The Constitution of 1791 represented an improvement in French government; yet it did not work well and did not last long. As a first experiment in the art of self-government it had its value, but it revealed inexperience and poor judgment in several points which prepared trouble for the future. The executive and the legislature were so sharply separated that communication between them was difficult and suspicion was consequently easily fostered. The king might not select his ministers from the legislature, he might not, in case of a difference of opinion with the legislature, dissolve the latter, as the English king could do, thus allowing the voters to decide between them. The king's veto was not a weapon strong enough to protect him from the attacks of the legislature, yet it was enough to irritate the legislature, if used. The distinction between active and passive citizens was in plain and flagrant defiance of the Declaration of the Rights of Man, and inevitably created a discontented class. The administrative decentralization was so complete that the efficiency of the national government was gone. France was split up into eighty-three fragments and the coordination of all these units, their central direction toward great national ends in response to the will of the nation as a whole, was rendered extremely difficult, and in certain crises impossible.

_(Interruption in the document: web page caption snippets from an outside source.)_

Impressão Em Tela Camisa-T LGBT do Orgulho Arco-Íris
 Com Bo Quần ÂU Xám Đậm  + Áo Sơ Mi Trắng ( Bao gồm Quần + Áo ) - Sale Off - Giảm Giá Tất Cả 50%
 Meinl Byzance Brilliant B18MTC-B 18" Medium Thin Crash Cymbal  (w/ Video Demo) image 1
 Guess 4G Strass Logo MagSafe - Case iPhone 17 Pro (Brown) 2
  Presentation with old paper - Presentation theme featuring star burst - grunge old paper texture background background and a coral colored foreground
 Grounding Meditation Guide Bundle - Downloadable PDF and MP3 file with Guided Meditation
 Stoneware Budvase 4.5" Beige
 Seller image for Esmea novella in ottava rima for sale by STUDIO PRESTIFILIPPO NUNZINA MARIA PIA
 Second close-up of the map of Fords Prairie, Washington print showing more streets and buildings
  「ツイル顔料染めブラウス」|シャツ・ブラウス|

The work of reform carried out by the Constituent Assembly was on an enormous scale, immensely more extensive than that of our U. S. Federal Convention. We search history in vain for any companion piece. It is unique. Its destructive work proved durable and most important. Much of its constructive work, however, proved very fragile. Mirabeau expressed his opinion in saying that "The disorganization of the kingdom could not be better worked out."

There were other dangerous features of the situation which inspired alarm and seemed to keep open and to embitter the .relations of various classes and to foster opportunities for the discontented and the ambitious. The legislation concerning the Church proved highly divisive in its effects. It began with the the confiscation of its property; it was continued in the attempt profoundly to alter its organization.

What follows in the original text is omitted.